▶ Exercise objective: Reproduce each line of the following material exactly, omitting the images.

▶ Given data:

────────────────────────────────────────

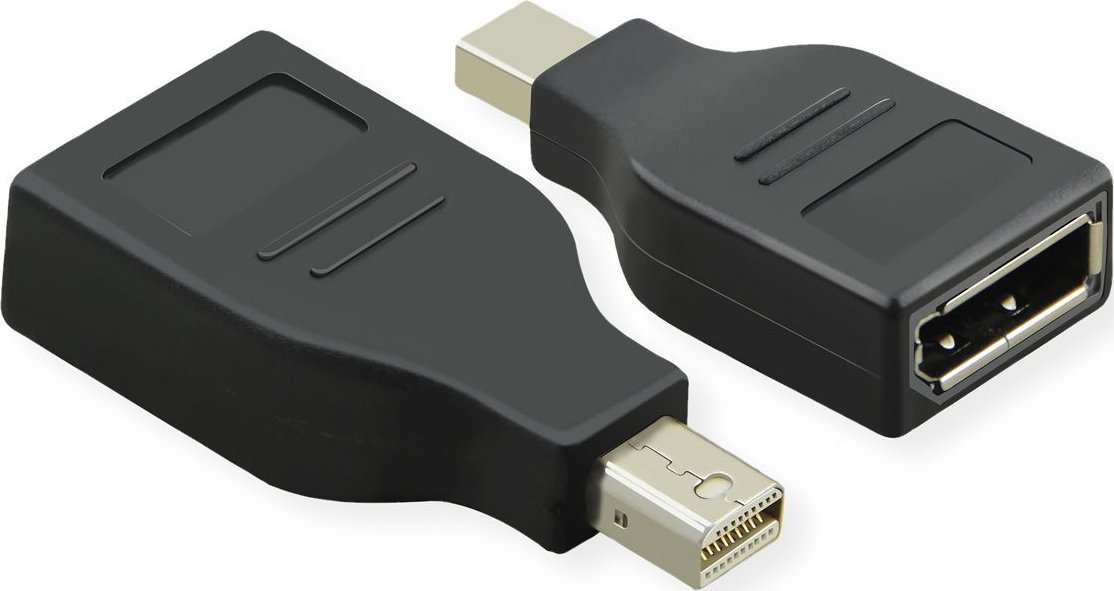 Adapter AV Triton Adapter VALUE DisplayPort, Mini DP męski - DP żeński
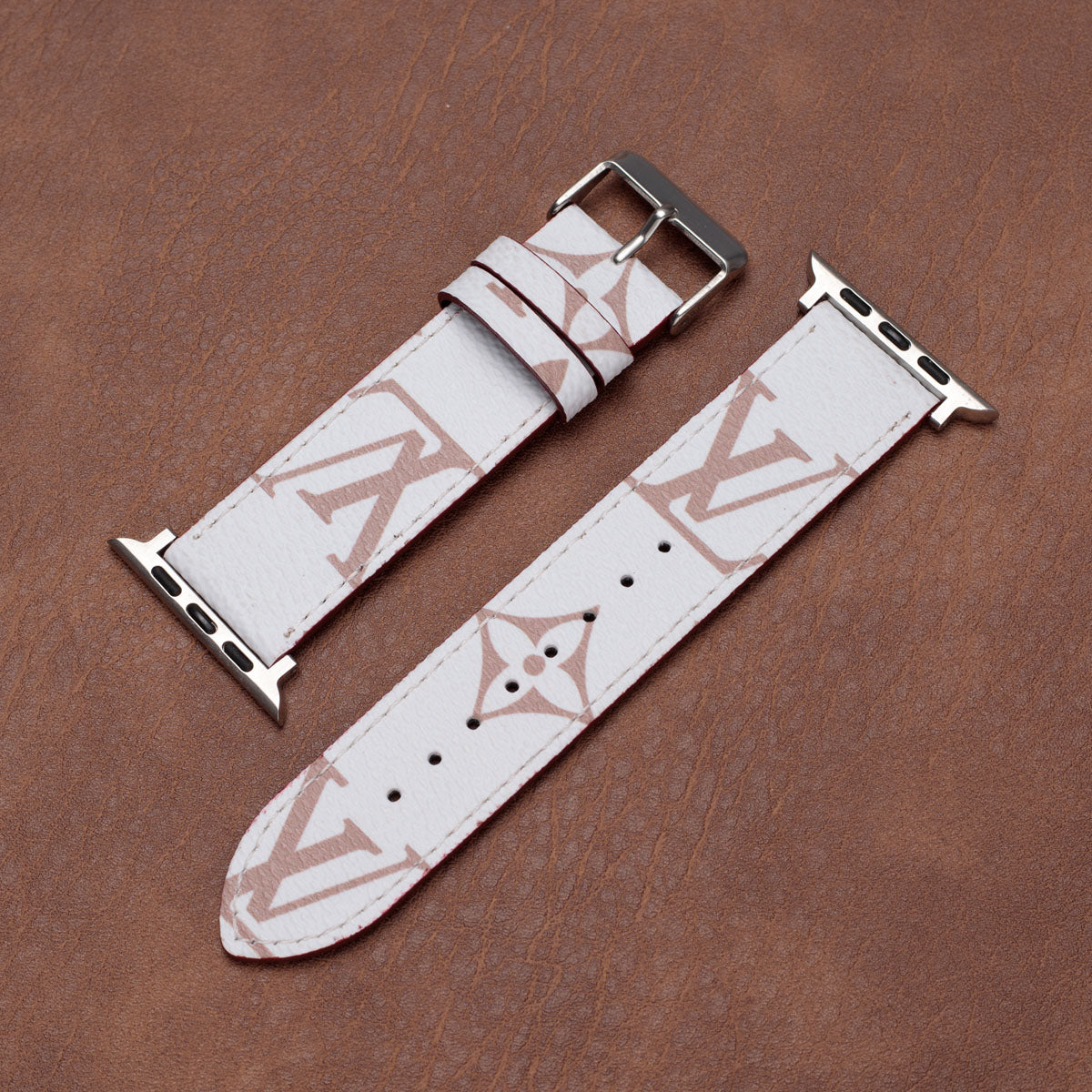 Classic Handmade Leather Band For Apple Watch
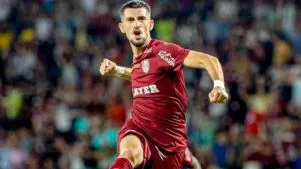 Korenica spikat në kampionatin rumun me Kluzhin, 5 gola në 4 ndeshjet e fundit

────────────────────────────────────────

▶ Solution:
 Adapter AV Triton Adapter VALUE DisplayPort, Mini DP męski - DP żeński
 Classic Handmade Leather Band For Apple Watch
 Korenica spikat në kampionatin rumun me Kluzhin, 5 gola në 4 ndeshjet e fundit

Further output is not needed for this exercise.